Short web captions
== == ==

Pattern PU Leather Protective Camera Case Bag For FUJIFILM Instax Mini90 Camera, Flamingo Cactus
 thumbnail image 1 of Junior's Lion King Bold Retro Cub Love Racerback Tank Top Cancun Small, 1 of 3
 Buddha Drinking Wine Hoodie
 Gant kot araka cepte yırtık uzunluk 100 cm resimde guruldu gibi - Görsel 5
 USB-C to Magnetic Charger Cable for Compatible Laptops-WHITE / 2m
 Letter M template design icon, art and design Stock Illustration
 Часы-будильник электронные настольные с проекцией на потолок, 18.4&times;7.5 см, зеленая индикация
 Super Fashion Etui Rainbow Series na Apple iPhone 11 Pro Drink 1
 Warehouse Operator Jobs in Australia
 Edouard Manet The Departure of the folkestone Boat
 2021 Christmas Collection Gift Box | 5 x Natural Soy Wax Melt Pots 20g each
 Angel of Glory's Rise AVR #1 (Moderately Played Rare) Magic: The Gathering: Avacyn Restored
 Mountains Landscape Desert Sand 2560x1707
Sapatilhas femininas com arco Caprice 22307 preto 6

== == ==

◆ **GOAL OF THE EXERCISE**
Repeat the data precisely, line by line.

◆ **TASK ANSWER**
Pattern PU Leather Protective Camera Case Bag For FUJIFILM Instax Mini90 Camera, Flamingo Cactus
 thumbnail image 1 of Junior's Lion King Bold Retro Cub Love Racerback Tank Top Cancun Small, 1 of 3
 Buddha Drinking Wine Hoodie
 Gant kot araka cepte yırtık uzunluk 100 cm resimde guruldu gibi - Görsel 5
 USB-C to Magnetic Charger Cable for Compatible Laptops-WHITE / 2m
 Letter M template design icon, art and design Stock Illustration
 Часы-будильник электронные настольные с проекцией на потолок, 18.4&times;7.5 см, зеленая индикация
 Super Fashion Etui Rainbow Series na Apple iPhone 11 Pro Drink 1
 Warehouse Operator Jobs in Australia
 Edouard Manet The Departure of the folkestone Boat
 2021 Christmas Collection Gift Box | 5 x Natural Soy Wax Melt Pots 20g each
 Angel of Glory's Rise AVR #1 (Moderately Played Rare) Magic: The Gathering: Avacyn Restored
 Mountains Landscape Desert Sand 2560x1707
Sapatilhas femininas com arco Caprice 22307 preto 6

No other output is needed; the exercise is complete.